BEGIN RECORDS SHOWN

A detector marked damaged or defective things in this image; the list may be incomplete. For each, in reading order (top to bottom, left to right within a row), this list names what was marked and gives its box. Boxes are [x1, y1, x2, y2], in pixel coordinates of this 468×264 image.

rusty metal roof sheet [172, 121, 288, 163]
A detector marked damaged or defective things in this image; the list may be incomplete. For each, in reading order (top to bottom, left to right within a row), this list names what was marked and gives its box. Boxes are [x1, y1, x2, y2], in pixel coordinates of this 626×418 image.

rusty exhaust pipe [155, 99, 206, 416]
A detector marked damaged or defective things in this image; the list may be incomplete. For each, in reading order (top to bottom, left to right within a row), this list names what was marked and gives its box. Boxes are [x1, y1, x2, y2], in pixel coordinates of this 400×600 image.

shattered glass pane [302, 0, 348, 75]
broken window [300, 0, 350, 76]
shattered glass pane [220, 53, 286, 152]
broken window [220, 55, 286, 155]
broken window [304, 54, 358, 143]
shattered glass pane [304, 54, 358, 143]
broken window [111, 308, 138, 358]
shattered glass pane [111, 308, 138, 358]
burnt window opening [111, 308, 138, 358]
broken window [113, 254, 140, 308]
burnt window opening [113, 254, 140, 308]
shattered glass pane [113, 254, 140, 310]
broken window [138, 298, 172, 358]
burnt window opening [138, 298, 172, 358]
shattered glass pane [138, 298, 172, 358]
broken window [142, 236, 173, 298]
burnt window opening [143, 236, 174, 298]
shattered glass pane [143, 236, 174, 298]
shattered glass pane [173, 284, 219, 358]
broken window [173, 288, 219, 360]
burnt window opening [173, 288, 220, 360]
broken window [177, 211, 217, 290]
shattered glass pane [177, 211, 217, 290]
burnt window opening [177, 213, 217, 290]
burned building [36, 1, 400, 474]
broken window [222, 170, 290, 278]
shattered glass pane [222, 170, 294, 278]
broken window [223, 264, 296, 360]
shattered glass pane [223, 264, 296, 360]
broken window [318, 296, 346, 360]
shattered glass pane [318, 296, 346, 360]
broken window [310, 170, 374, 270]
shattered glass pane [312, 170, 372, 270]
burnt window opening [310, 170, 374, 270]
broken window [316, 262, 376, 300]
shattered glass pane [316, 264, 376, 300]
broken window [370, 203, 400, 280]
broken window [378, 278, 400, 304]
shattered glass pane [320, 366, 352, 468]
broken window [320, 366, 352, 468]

END RECORDS SHOWN

**PROBLEM DETAILS:**
Each line from the one containing "this 400×600 image." down to the last line of the material above is to be transcribed exactly, with nothing else included.

**WRITTEN SOLUTION:**
A detector marked damaged or defective things in this image; the list may be incomplete. For each, in reading order (top to bottom, left to right within a row), this list names what was marked and gives its box. Boxes are [x1, y1, x2, y2], in pixel coordinates of this 400×600 image.

shattered glass pane [302, 0, 348, 75]
broken window [300, 0, 350, 76]
shattered glass pane [220, 53, 286, 152]
broken window [220, 55, 286, 155]
broken window [304, 54, 358, 143]
shattered glass pane [304, 54, 358, 143]
broken window [111, 308, 138, 358]
shattered glass pane [111, 308, 138, 358]
burnt window opening [111, 308, 138, 358]
broken window [113, 254, 140, 308]
burnt window opening [113, 254, 140, 308]
shattered glass pane [113, 254, 140, 310]
broken window [138, 298, 172, 358]
burnt window opening [138, 298, 172, 358]
shattered glass pane [138, 298, 172, 358]
broken window [142, 236, 173, 298]
burnt window opening [143, 236, 174, 298]
shattered glass pane [143, 236, 174, 298]
shattered glass pane [173, 284, 219, 358]
broken window [173, 288, 219, 360]
burnt window opening [173, 288, 220, 360]
broken window [177, 211, 217, 290]
shattered glass pane [177, 211, 217, 290]
burnt window opening [177, 213, 217, 290]
burned building [36, 1, 400, 474]
broken window [222, 170, 290, 278]
shattered glass pane [222, 170, 294, 278]
broken window [223, 264, 296, 360]
shattered glass pane [223, 264, 296, 360]
broken window [318, 296, 346, 360]
shattered glass pane [318, 296, 346, 360]
broken window [310, 170, 374, 270]
shattered glass pane [312, 170, 372, 270]
burnt window opening [310, 170, 374, 270]
broken window [316, 262, 376, 300]
shattered glass pane [316, 264, 376, 300]
broken window [370, 203, 400, 280]
broken window [378, 278, 400, 304]
shattered glass pane [320, 366, 352, 468]
broken window [320, 366, 352, 468]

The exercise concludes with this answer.